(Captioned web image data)
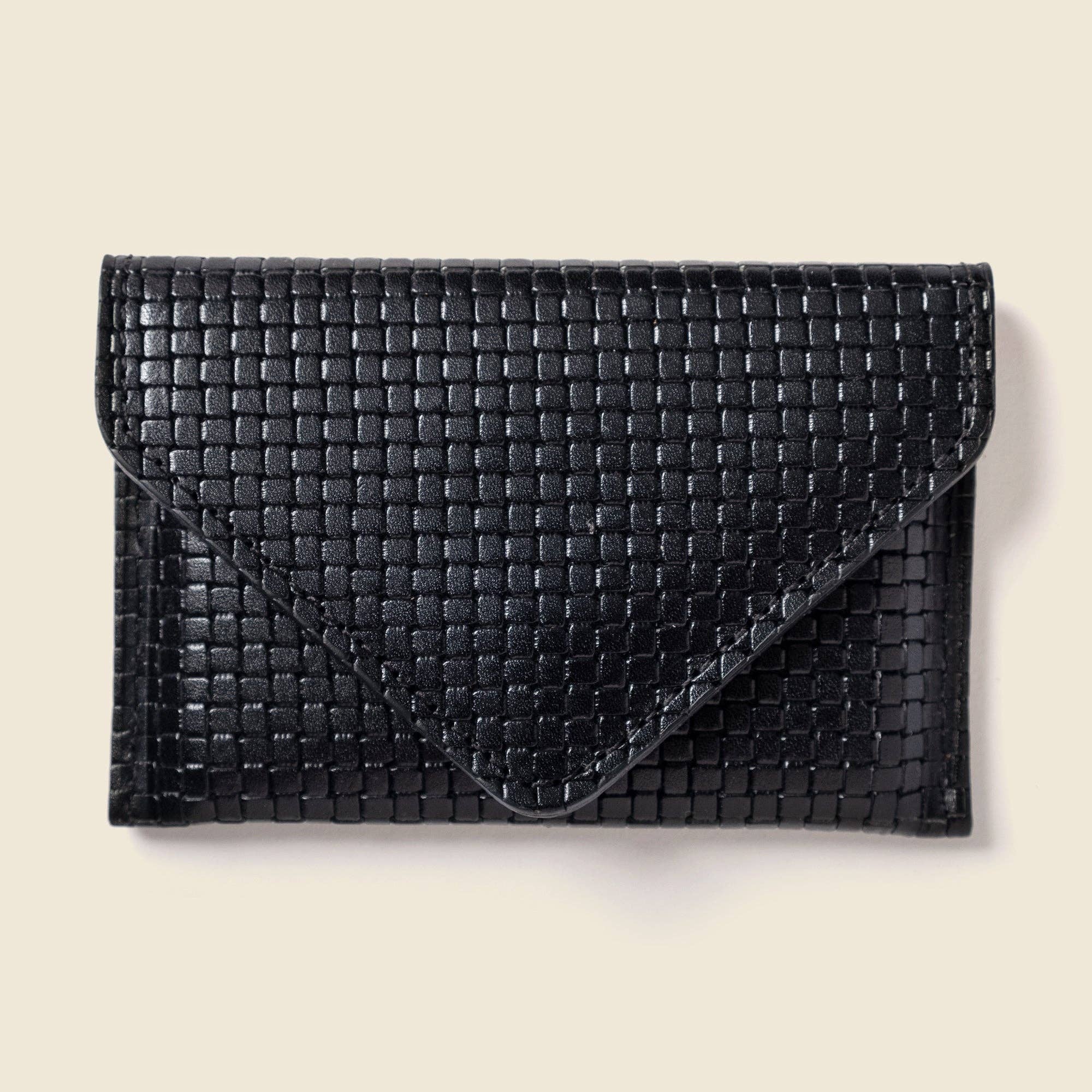 CASUPO - Wholesale Portemonnee - Dames - Mini-envelopportemonnee met RFID-bescherming - Black Limited Ed0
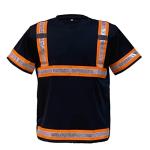 Men's Reflective Safety Work Shirts - Short Sleeve T-Shirts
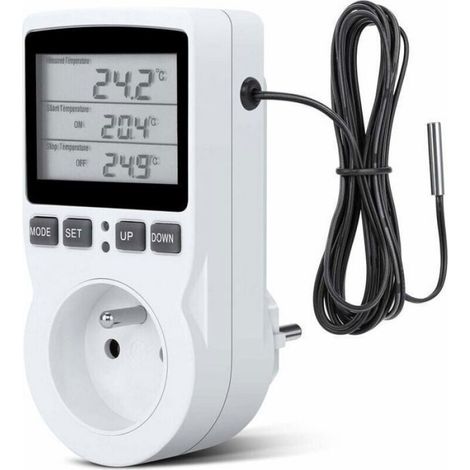 Thermostat d'ambiance - - Intelligent - LCD - 200V - Contrôle de température avancé (1/4)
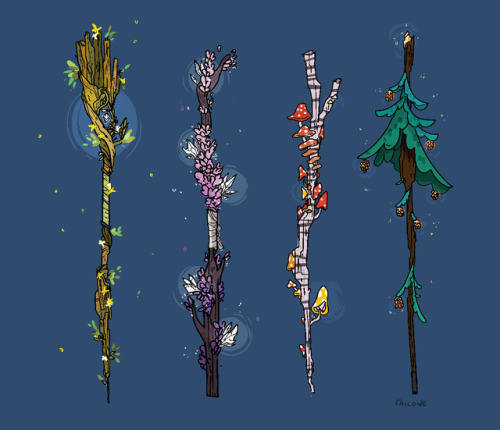 Sometimes when you need a magic staff you have to make do with random trees/branches 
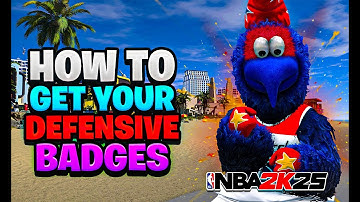 HOW TO GET ALL YOUR DEFENSIVE BADGES MAXED OUT IN 24 HOURS ON NBA 2K25!!!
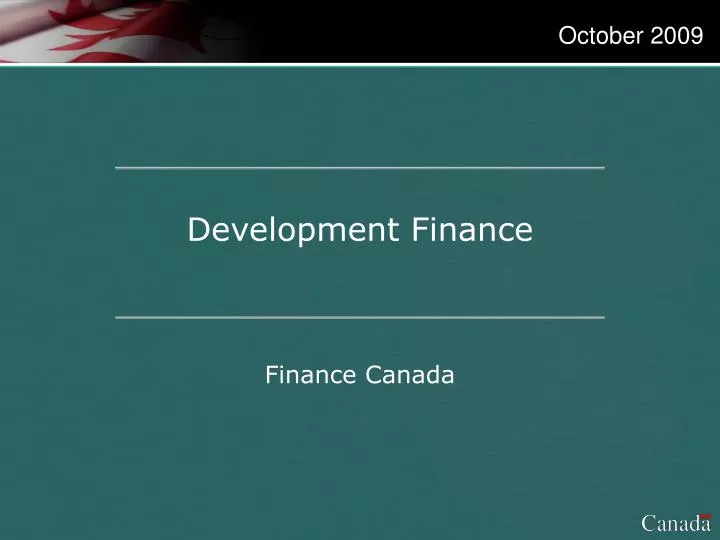 development finance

> _Exercise aim_:
In the records above, transcribe exactly the lines from the one containing "Men's Reflective Safety" through the last line, both included, and skip the pictures.

> _Reply to the task_:
 Men's Reflective Safety Work Shirts - Short Sleeve T-Shirts
 Thermostat d'ambiance - - Intelligent - LCD - 200V - Contrôle de température avancé (1/4)
 Sometimes when you need a magic staff you have to make do with random trees/branches 
 HOW TO GET ALL YOUR DEFENSIVE BADGES MAXED OUT IN 24 HOURS ON NBA 2K25!!!
 development finance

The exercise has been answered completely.